Copy, word for word, the lines of the listing below from the line with "by White Eagle" up to and including the line with "Organic Fiji Whole". Drop the pictures.

#### EXTRACTED MATERIAL
********************

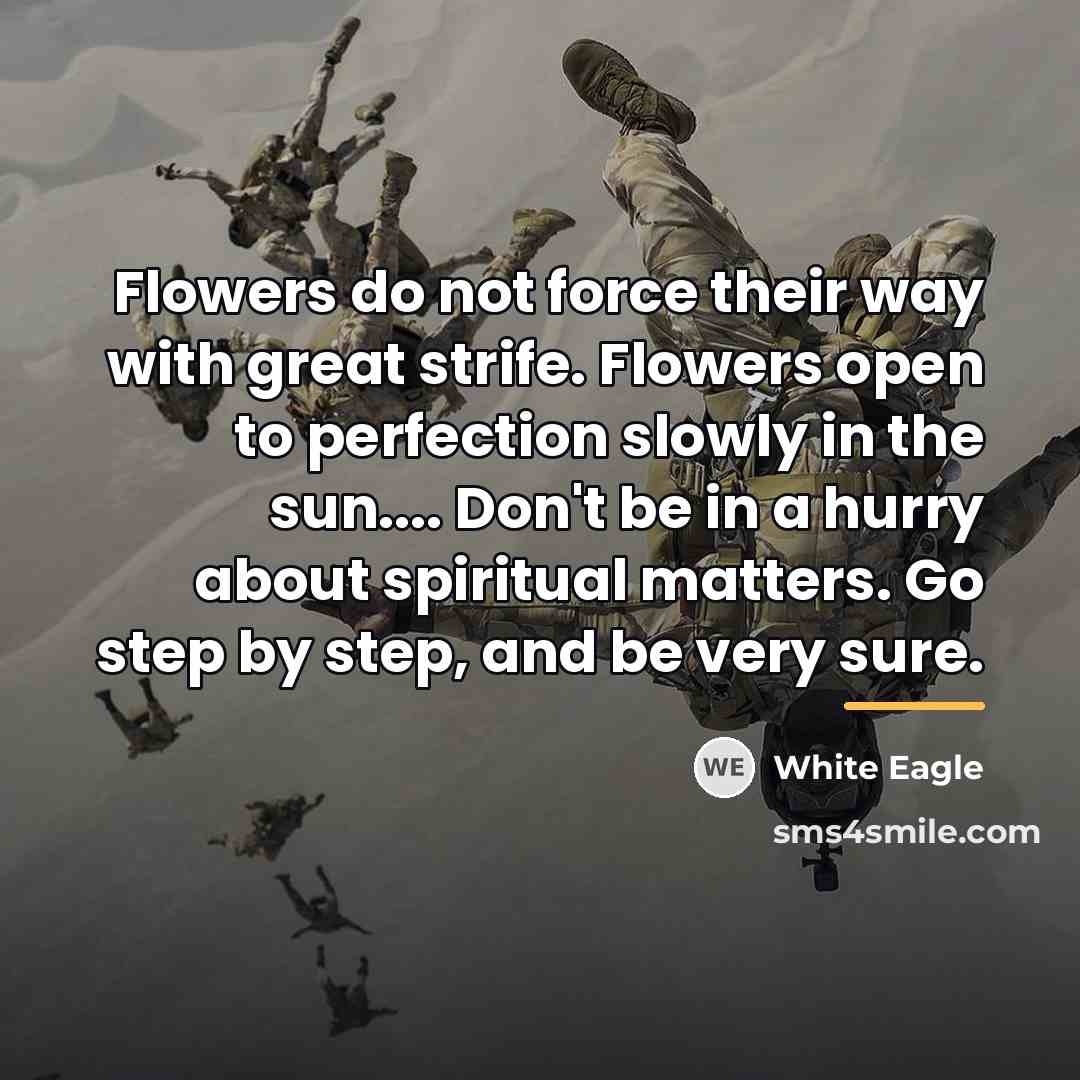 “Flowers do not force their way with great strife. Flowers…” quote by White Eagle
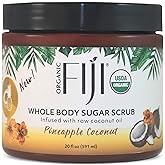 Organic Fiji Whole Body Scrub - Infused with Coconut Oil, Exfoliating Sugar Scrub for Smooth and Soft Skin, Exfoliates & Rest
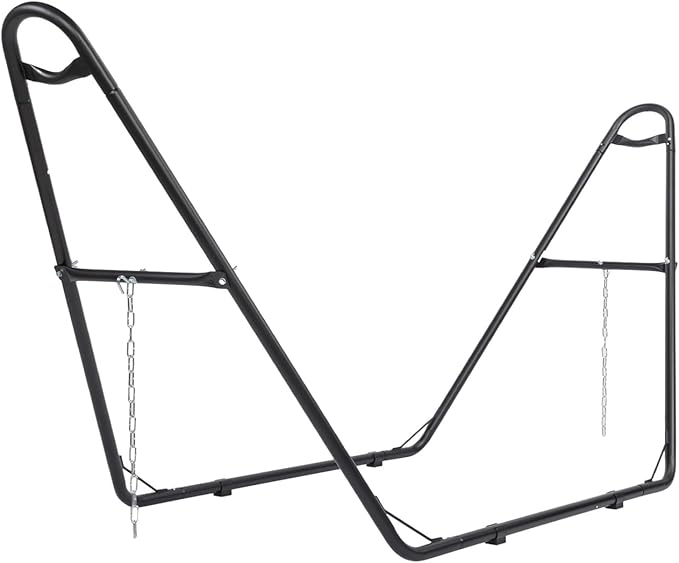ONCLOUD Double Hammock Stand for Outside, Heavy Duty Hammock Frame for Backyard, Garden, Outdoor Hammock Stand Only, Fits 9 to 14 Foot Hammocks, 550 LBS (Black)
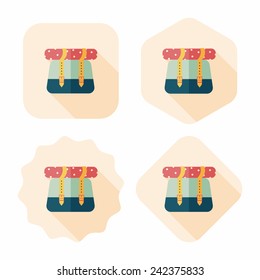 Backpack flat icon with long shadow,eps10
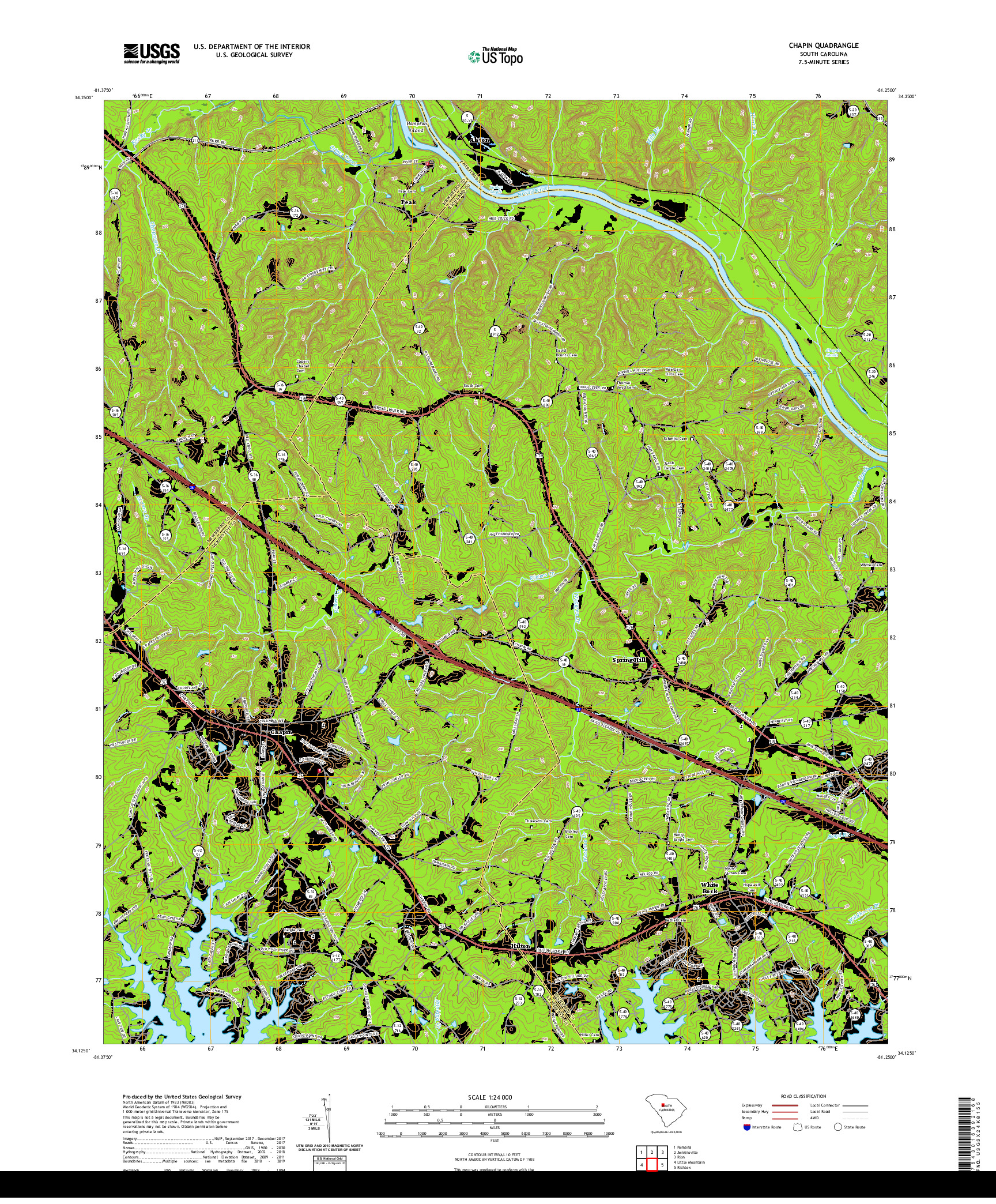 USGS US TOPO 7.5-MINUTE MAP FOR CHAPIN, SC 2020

********************

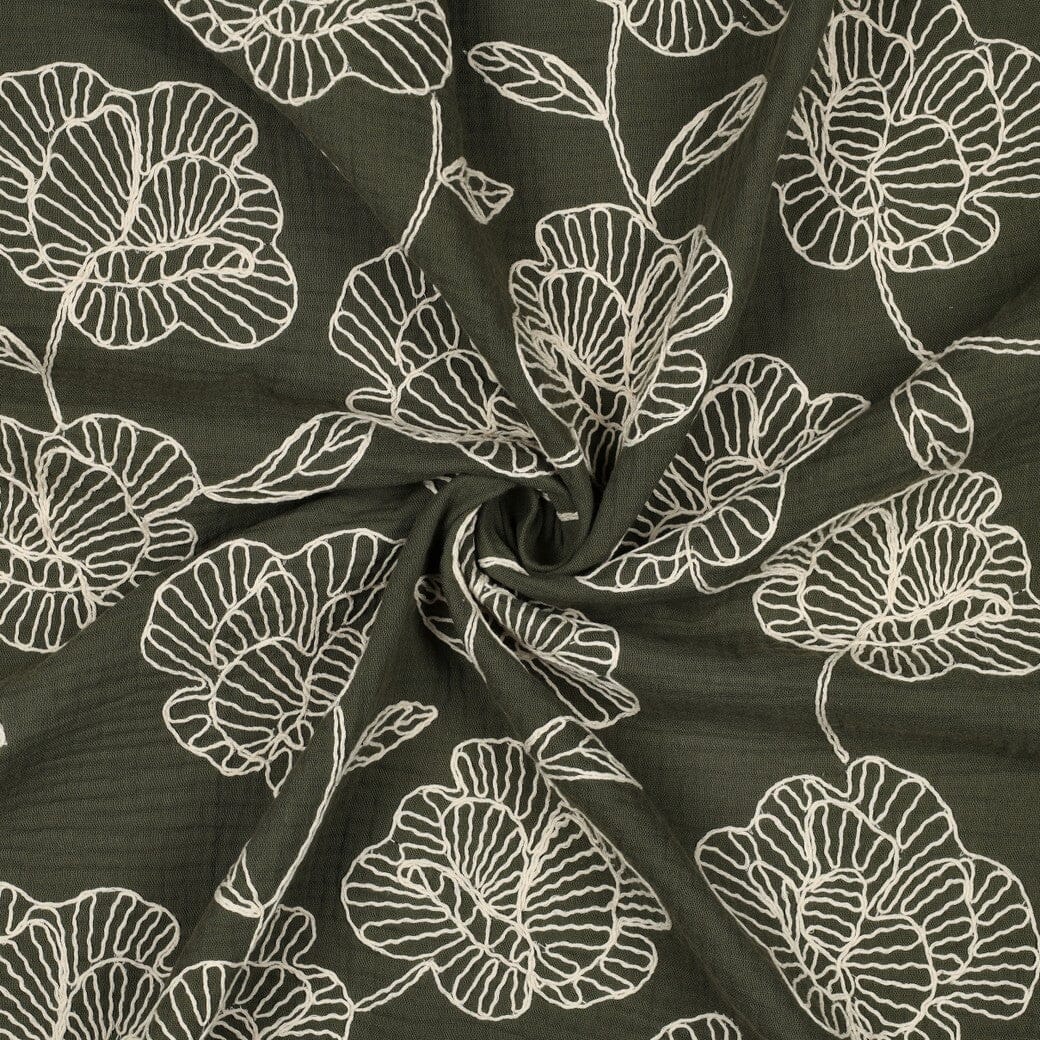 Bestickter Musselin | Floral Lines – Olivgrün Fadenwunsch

********************

#### WRITTEN RESPONSE
 “Flowers do not force their way with great strife. Flowers…” quote by White Eagle
 Organic Fiji Whole Body Scrub - Infused with Coconut Oil, Exfoliating Sugar Scrub for Smooth and Soft Skin, Exfoliates & Rest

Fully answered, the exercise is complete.